As a final matter, it is important to keep in mind one of the reasons why Congress gave contractors the right to sign pre-hire agreements. Contractors had argued that it was critically important to be able to sign such an agreement, so that they could rely on union hiring halls to obtain well trained, skilled employees. A contractor refusing to sign a new agreement obviously forfeits that right, and may be faced with an immediate need to recruit a sufficient number of employees with adequate skills. Furthermore, such a contractor will no longer be able to rely on industry funded training programs, and will have to finance and conduct such activities on its own.
An 8(f) relationship may give the contractor or Association greater latitude in conducting negotiations – As previously discussed, if the parties have only a Section 8(f) relationship, neither side is obligated to bargain in good faith under the National Labor Relations Act, even if they choose to negotiate a new contract. For example, as noted, the Association or the union could insist on the inclusion of an item that is considered non mandatory in the contract, and could take the position that without that item, there will be no contract.
In contrast, if the parties have a Section 9(a) relationship, any party insisting upon the inclusion of a non mandatory item as a condition of a settlement would be committing an unfair labor practice. Consequently, there are situations where 8(f) status may be considered beneficial.
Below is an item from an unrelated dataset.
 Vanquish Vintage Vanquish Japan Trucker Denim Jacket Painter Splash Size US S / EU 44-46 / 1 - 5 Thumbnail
Generally, that is when bargaining must be conducted in a manner dictated more by effective strategy, rather than concerns of unfair labor practice exposure.
However, this advantage also may seem more significant than it really is. If the contractors and union have formed a solid partnership, and have maintained a productive bargaining relationship, the leverage resulting from an 8(f) relationship – to do something that might otherwise be unlawful – is irrelevant. The added leverage resulting from an 8(f) relationship is useful only where the bargaining relationship is adversarial and unproductive.
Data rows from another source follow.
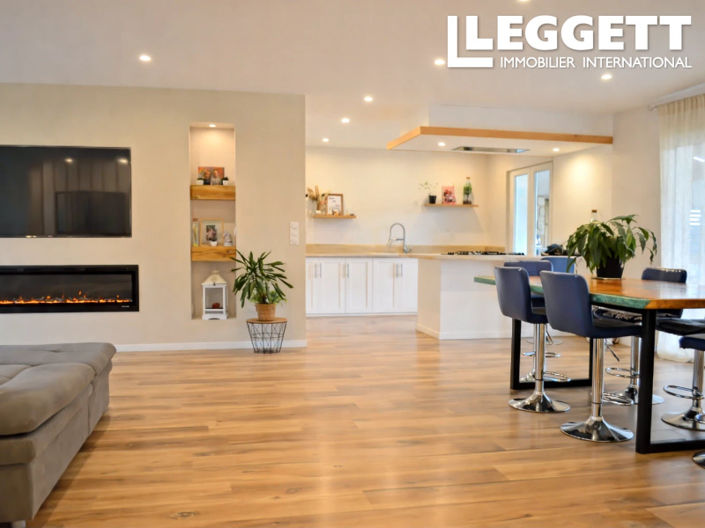 Image No.5-4 Bed House for sale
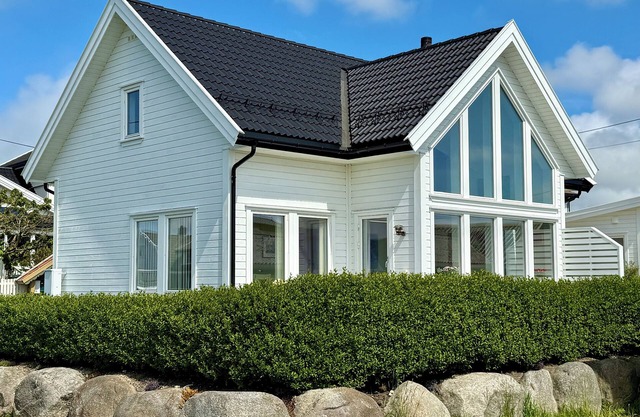 4-bedroom holiday home near the sea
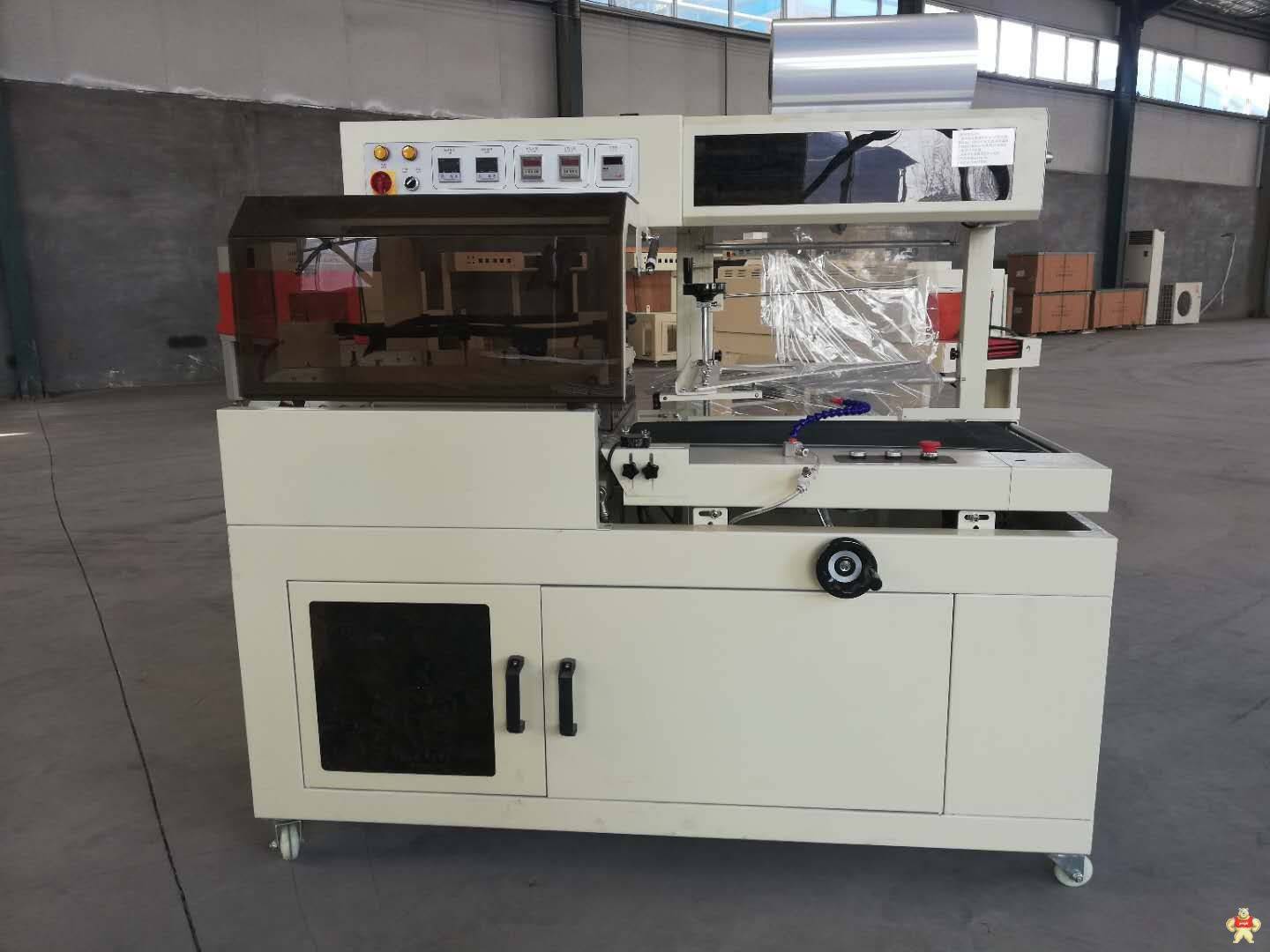 纸箱/纸盒塑封膜包装机 L650型POF膜封切机 热收缩膜包装机 塑封膜包装机,L650型包装机,封切包装机,边封包装机,全自动包装机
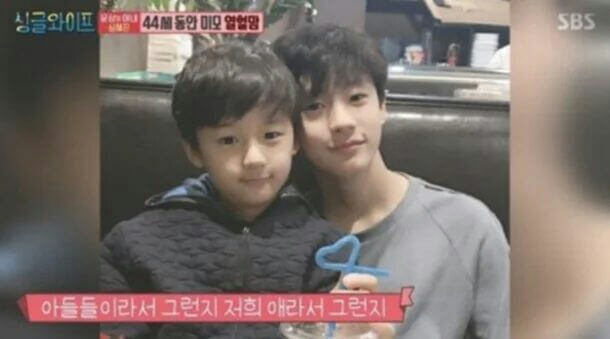 people-two boys-A-candid shot-A-siblings-A-Korean broadcast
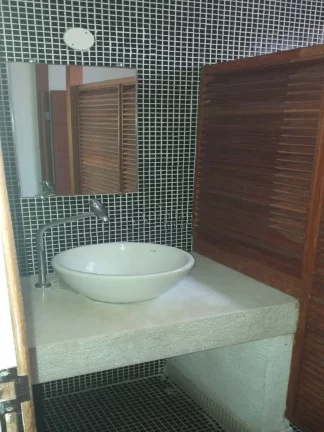 Imagem Ponto Comercial nos Cavaleiros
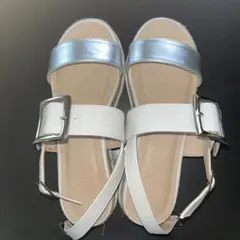 BEAMS HEART プラットフォーム サンダル シルバー×ホワイト23㎝のサムネイル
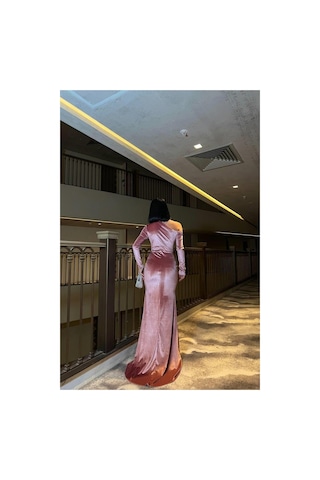 DefyModa Kadın Minimal Esnek Kadife Kumaş Tek Omuz Abiye Elbise Gülkurusu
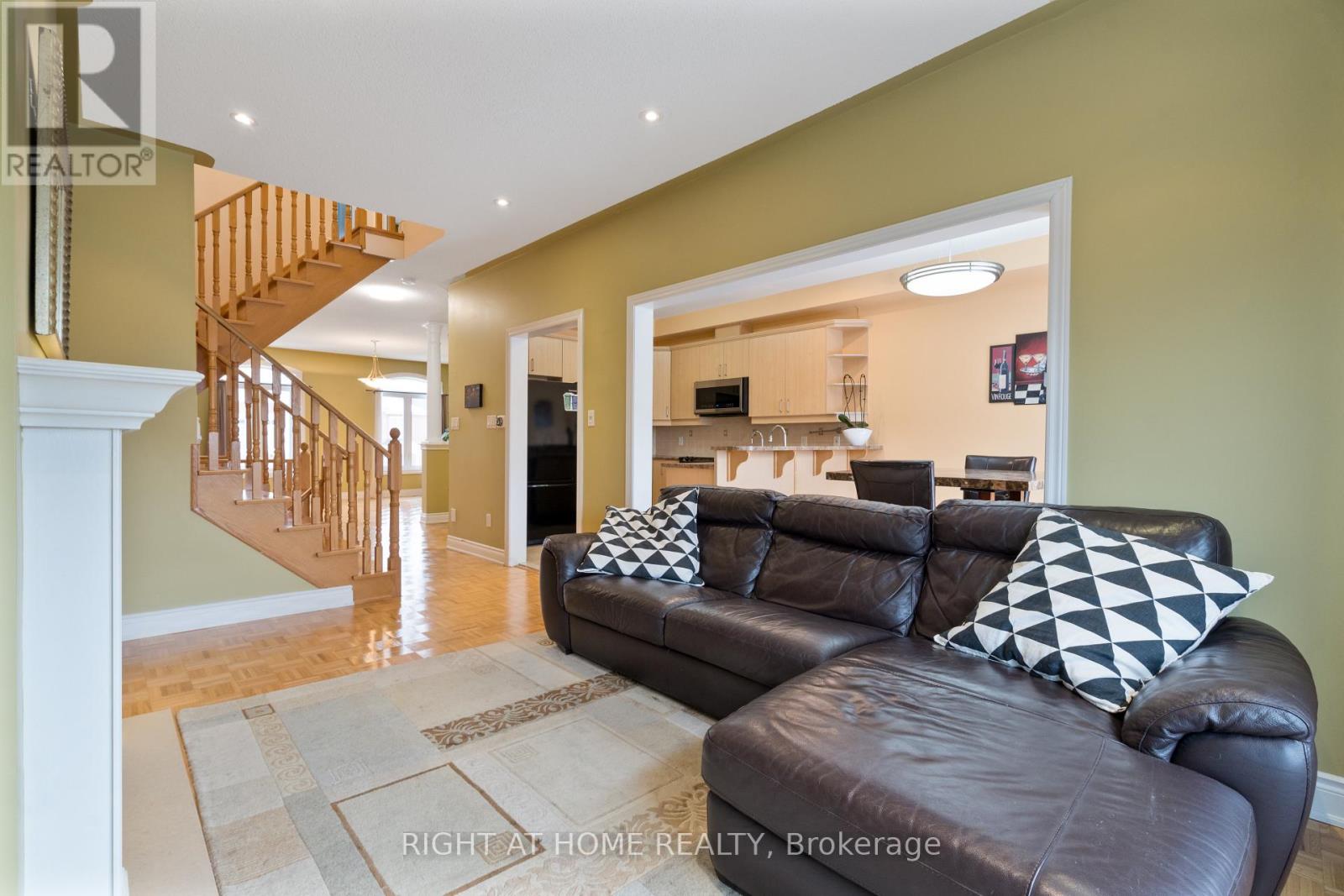 16 Honeywood Road, Vaughan, Ontario  L4J 9C2 - Photo 8 - N12856960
More stability in the multi-employer group – Section 8(f) status may permit some contractors to leave the multi-employer group, either to attempt to negotiate a better agreement, or to go non-union. Although the outcome of such a strategy is unpredictable for the reasons previously discussed, such an exodus of contractors from the multi-employer group, and the potential for them to go non-union, presents a challenge to the Association and the bargaining unit, and to those contractors that remain signatory.
In contrast, under a Section 9(a) relationship, none of the employers have the option of simply going non-union. As those contractors will continue to have a greater stake in the unionized sector the construction industry, it is more likely that there will be group cohesiveness – an important factor in effectively working with a labor partner to address concerns about competitiveness. Indeed, where the Union has been a willing partner in helping contractors to compete with non-union contractors, it is in a good position to argue that contractors should recognize its ongoing representative status through such a provision.
A Section 9(a) relationship makes it more difficult for a rival union to replace the current union – A contractor that has just secured a major construction project through a bid based upon its existing collective bargaining agreement would obviously be seriously impacted if another union replaced the current union, and then demanded to negotiate a new agreement. The contractor would then become enmeshed in negotiations for an entirely new collective bargaining agreement, with the potential for strikes, lost productivity, and legitimate concerns by the construction owner that the contractor may be unable to fulfill its commitments because of the potential for a labor dispute. That situation may occur more easily if the contractor only has a Section 8(f) agreement with its existing union.
In contrast, if the contractor is signatory to a Section 9(a) collective bargaining agreement, that contract will generally bar an election petition by a different union until shortly before the contract expires. For example, if a different union was attempting to organize a contractor’s existing employees, and it filed an election petition during the first year of a three year collective bargaining agreement, that petition will be dismissed, on the basis that it is “barred” by the contract.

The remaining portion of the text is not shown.